Porque para começar pedimos também aquilo que não conhecíamos mesmo da ementa, as Salchipapas. Descritas como salsicha de porco fumada e apimentada, com batata doce frita, ketchup e maionese (caseiros). Ora, já sabíamos que ia ser uma mistela que parece feita por uma criança de 6 anos, mas o que não esperávamos era que a salsicha parecesse aquela que se compra embalada no Continente, que as batatas doces fritas fossem das congeladas, ou mesmo que o ketchup e a maionese parecessem dos industriais. É certo que pode ser apenas a nossa percepção, mas já comemos demasiadas vezes batata doce frita desta para sabermos quando é congelada… e em relação à salsicha, se era fumada e apimentada, então tudo isso perdeu-se na curta viagem da cozinha até à mesa.
Depois, a maior expectativa esta no Ceviche Puro, até porque percebemos logo que não valia a pena continuar a pensar que íamos ter street food peruana. Aqui servido com corvina em leche de tigra, milho (ou antes, canchita frita), batata doce, cebola roxa e aji amarillo. Nada de errado nos ingredientes, mas tudo errado com o leche de tigre, muito longe daquilo que provámos na Cevicheria ou mesmo no Segundo Muelle. Falta-lhe acidez, intensidade, vida. O resto dos ingredientes estão perfeitos, mas sem o leche de tigre a unir tudo, o prato perde a sua dimensão exótica. E isso é mesmo uma pena.
A sobremesa que pedimos fica ali no limbo entre os pratos bons e os outros que nem por isso. O Cuatro Leches evolui do célebre Trés Leches sul americano, com um bolo fofo que teoricamente devia saber um pouco a pisco (só que não), doce de leite, nata batida, molho de leite condensado e gelado de nata salgada. É gordo como se quer, tem texturas diferentes, mas não é surpreendente ao ponto de terminarmos a refeição com um “Uau!”.
De resto, o sítio tem pinta, não há que negar. Alguns neons para dar um aspecto mais moderno-trendy ao espaço, luzes fortes a criar um ambiente maio tech, pequenos focos seccionados em cada mesa. As paredes em pedra contrastam com estes pormenores, criando um ambiente mais ou menos cosy, que podia ser mais se a música não estivesse tão alta. Boa playlist, ainda assim.

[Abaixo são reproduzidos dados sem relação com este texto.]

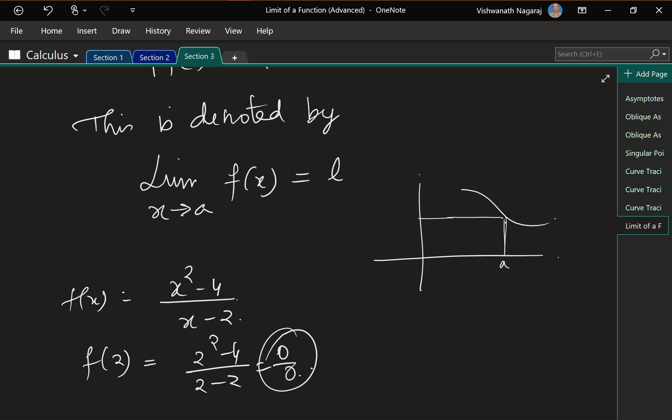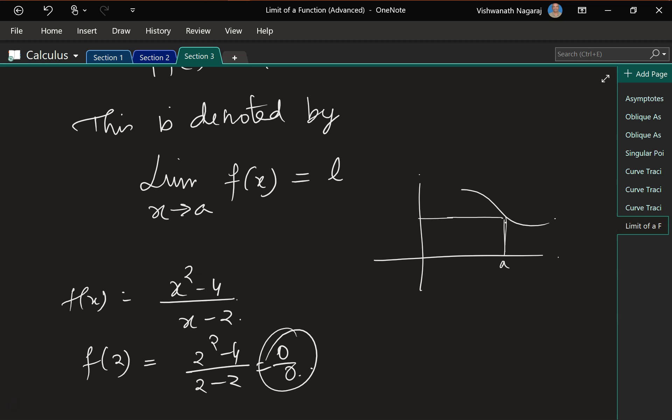That gives 0/0, which is undefined or indeterminate. So in such a case, even though I can't evaluate f(2), I should be able to say what it could become as x approaches a. That 'what it could become' is what we call the limit. To find it, I get very close to a from both sides.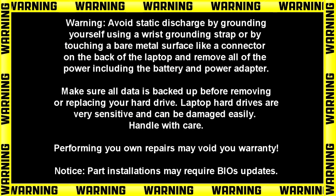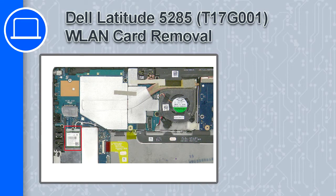Hey what's up, this is Ricardo and in this video I'll show you how to remove the wireless card from a Dell Latitude 5285.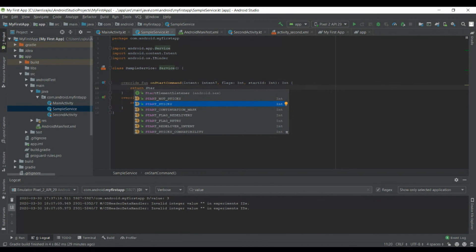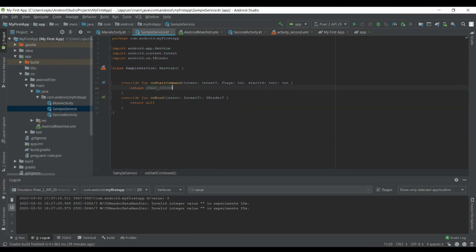Currently I'm going to go with START_STICKY. START_NOT_STICKY means if the system kills the service it won't recreate until you restart it. START_STICKY will recreate the service but with a null intent. START_REDELIVER_INTENT will return the last intent. So I'm going to stick with START_STICKY.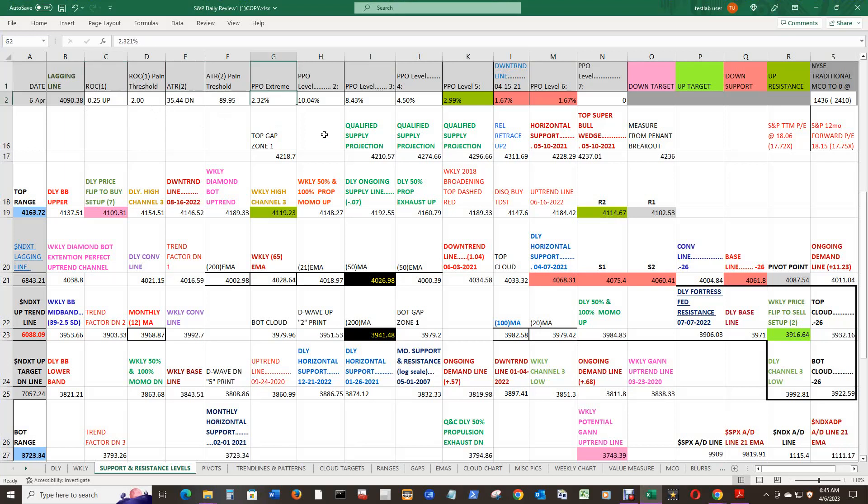And the PPO Extreme is still above zero at 2.32% above zero. And the New York Traditional McClellan Breadth Oscillator—to get back to zero would require 1,436 decliners over advancers to get back to zero. Have a great day.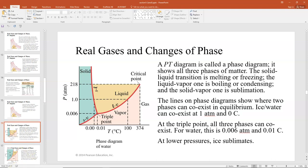On the PT diagram, lines are drawn — shown here in red — where at the line that is the temperature and pressure at which two phases can coexist. The SV line goes from the origin to the triple point, where you can have solid and vapor coexisting. The LV line is where liquid and vapor coexist, and the solid-liquid line is also shown. The solid-liquid transition is melting or freezing, the liquid-vapor transition is boiling or condensing, and the solid-vapor one is sublimation.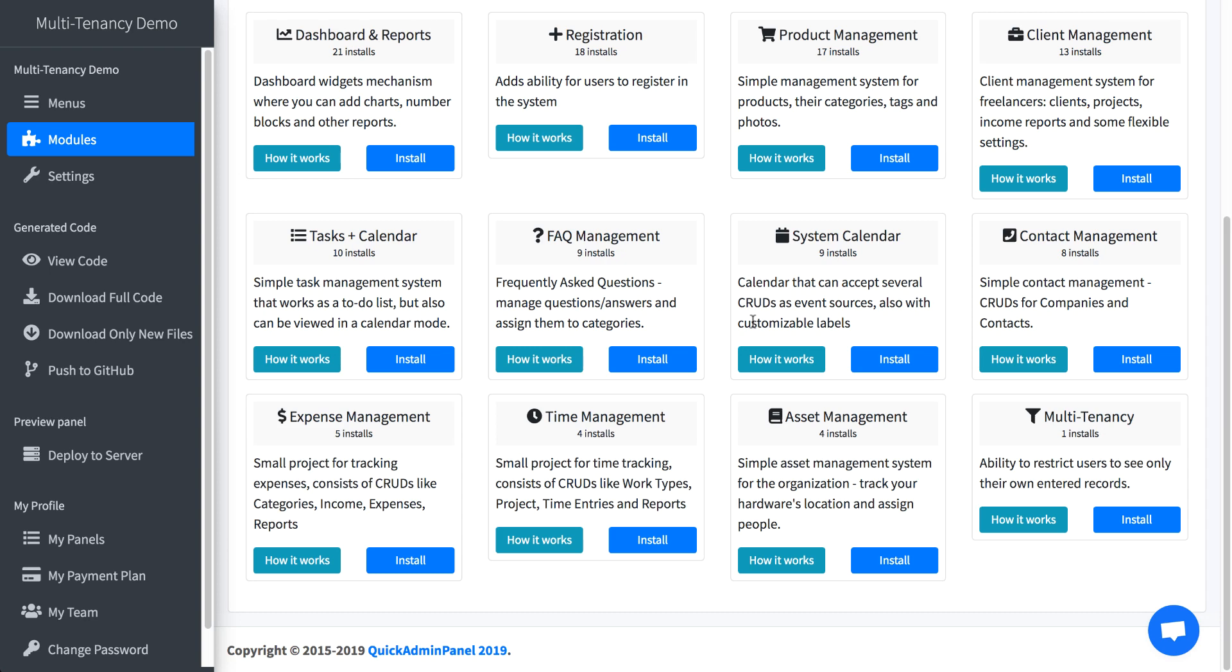This is a quick demo of a module called multi-tenancy in Quick Admin Panel. This module allows you to restrict the records to be accessible only to the users who created them. And there are actually two modules in one.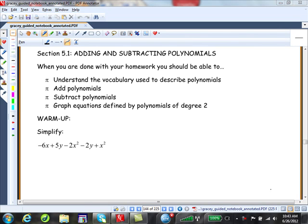Hi there. This is Professor Shannon Gracie from MiraCosta. We are now on section 5.1 from the Blitzer Introductory and Intermediate Algebra for College Students. We'll be covering how to add and subtract polynomials. When we're done with our homework, we'll be able to understand the vocabulary used to describe polynomials, add and subtract polynomials, and graph equations defined by polynomials of degree 2. Very important for your intermediate algebra.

Peca o serviço, talvez por ter aberto há pouco tempo – ou porque é mesmo assim, e naquela zona da cidade não é preciso fidelizar clientes, porque os turistas fazem a casa. Lento, descoordenado, pouco informado. A demora é tão grande no bar como com a cozinha, o que nem sequer faz muito sentido, e enquanto estamos de braço no ar a tentar chamar a atenção, está o staff no balcão do bar a rir e a conversar.
Estamos naquela fase pós-pandemia em que tudo o que abre de novo na restauração de Lisboa (ou do Porto, pelo menos) é motivo de inúmeras notícias, como se se tratasse da última Coca-Cola do deserto. É a força da comunicação, por um lado, e também a necessidade de mostrar que o sector está vivo e de boa saúde. Mas isto cria um problema ao consumidor de restaurantes como nós: como é que escolhemos onde vamos jantar? Porque tudo tem uma promessa diferente, tudo é vendido como sendo fantástico… mas depois percebemos que anda toda a gente a repetir fórmulas e, pior do que isso, a fazer promessas que não conseguem cumprir. E isso é muito irritante…
O Amaru – Peruvian Street Lab não é um mau peruano, é apenas um peruano normal. Mas aberto numa zona de muito turismo e com todos os apontamentos de decoração que fazem com que esteja sempre cheio. Se cumpre a promessa da street food peruana? Não, nada disso. E se o que achámos dos pratos até pode ser subjectivo, o facto do conceito do restaurante estar ao lado que que anuncia já não é subjectivo. É “apenas” a comunicação a tentar enganar-nos.